The problem with psychology is that there can be a web-like framework that any perception is built on, and sometimes going back to childhood. It might entail following a chain of 'effect and cause', because one destructive perception is going to affect so many others that come after it. This effect has this cause because of that effect.... The main issue is the unwillingness of the patient to cooperate willingly. Or not.

Quote:
Originally Posted by Lorelyen
Our National Heath Service puts self-defeating bureaucratic limits on treatment such as 4 sessions of 40 minutes only, so I couldn't raise much enthusiasm.
It's all down to money with the NHS which is understandable to a point - every aspect of health care is the same.

It also doesn't help when the therapist makes assumptions then imprints them onto the patient, that's not very professional of them. A good therapist wouldn't have had that problem, she should have been able to accept that it works for you and is constructive as far as you're concerned - and not an issue.

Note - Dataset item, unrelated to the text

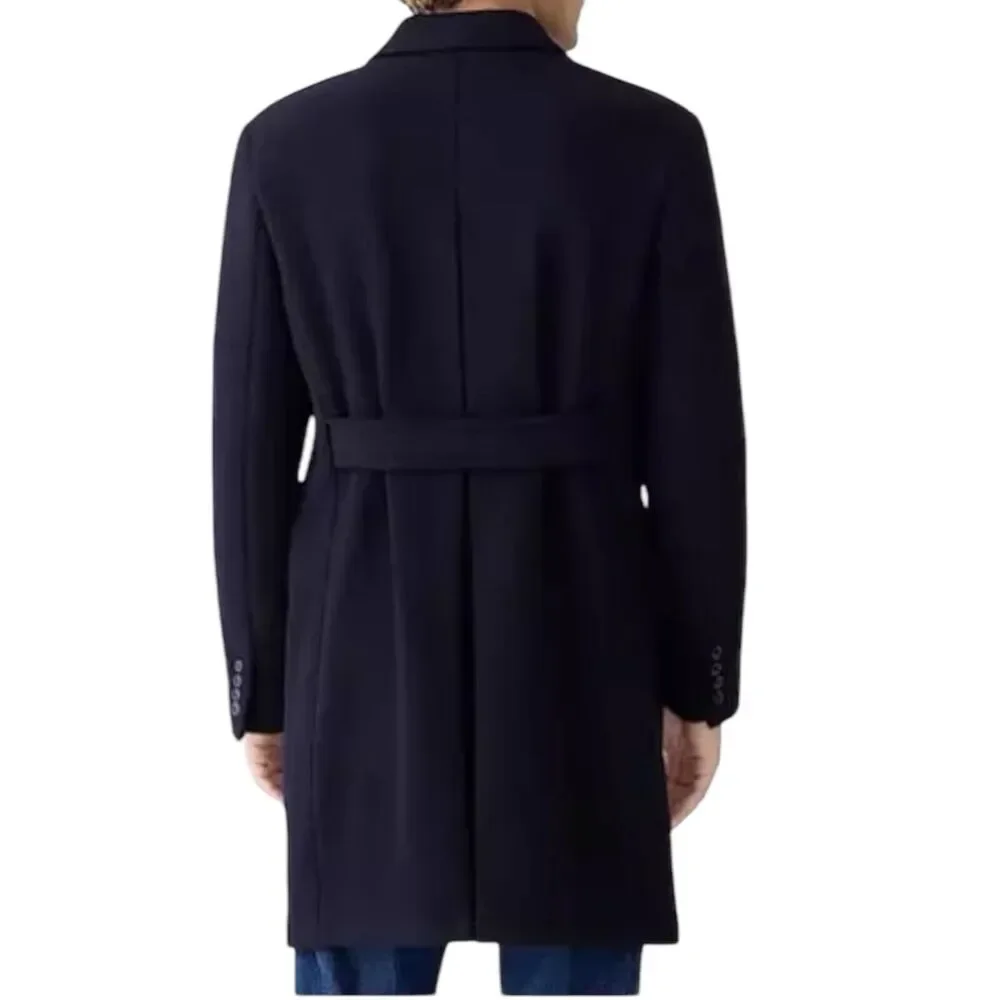 J Crew Coat Mens XXL Long Navy Wool Ludlow Topcoat‎ Heavyweight Peak Lapel BS472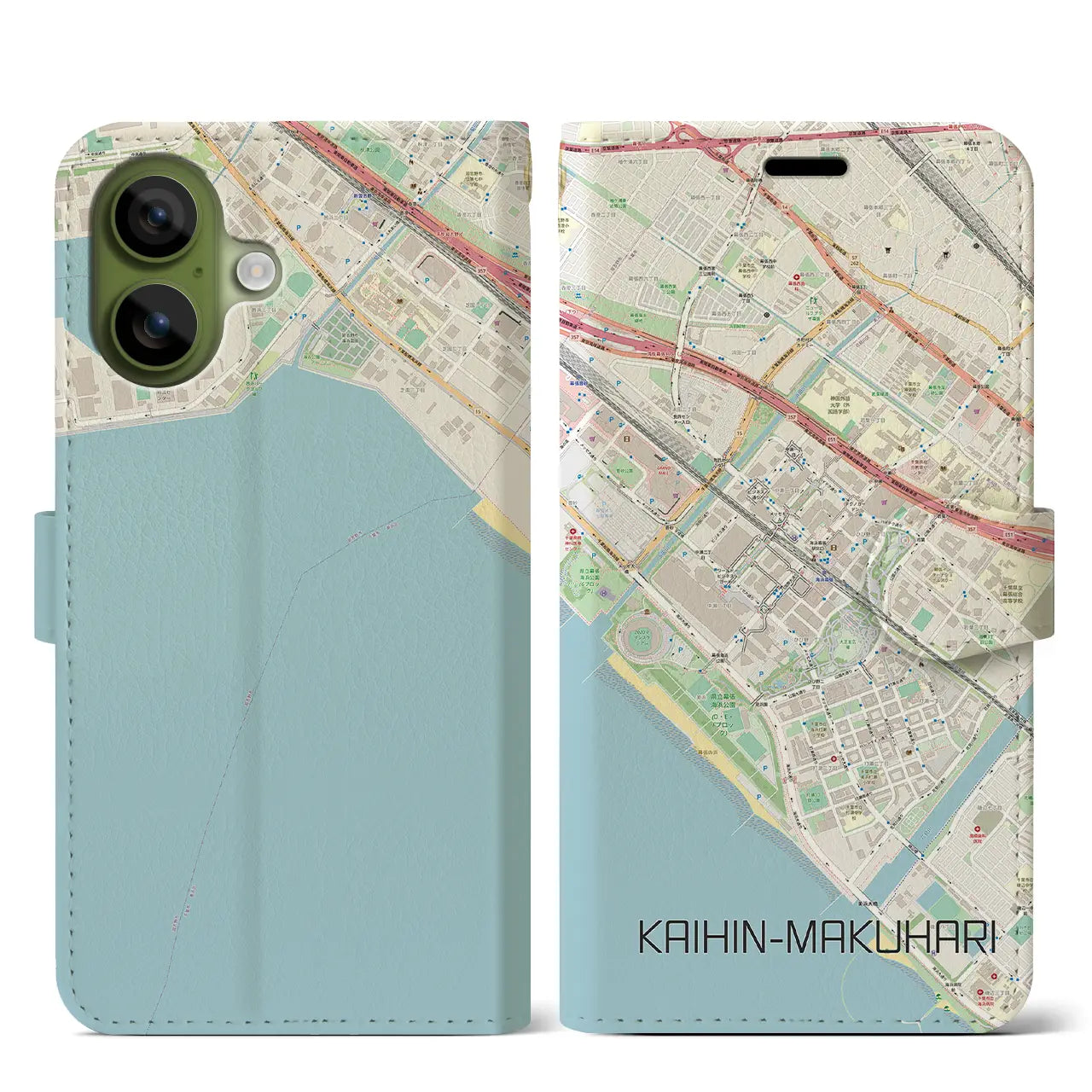 【海浜幕張（千葉県）】地図柄iPhoneケース（手帳タイプ）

Luckily the therapist I had was both professional and patient-led, and she made that clear right from the start. While it was gruelling in terms of emotions - I'm a very emotional person - but my whole perceptual framework was taken apart and examined. I tend to get cranky with people who try to tell me how I think and feel, so your therapist wouldn't have lasted too long.

It's the best of a bad job and we can say the same for psychology and psychiatry as we can for everything else that's medical-healthcare related. What changed my perspective was working in mental health, and when you see people taking life-threatening psychotic episodes in front of you because their medication is late.... It gives you another perspective entirely.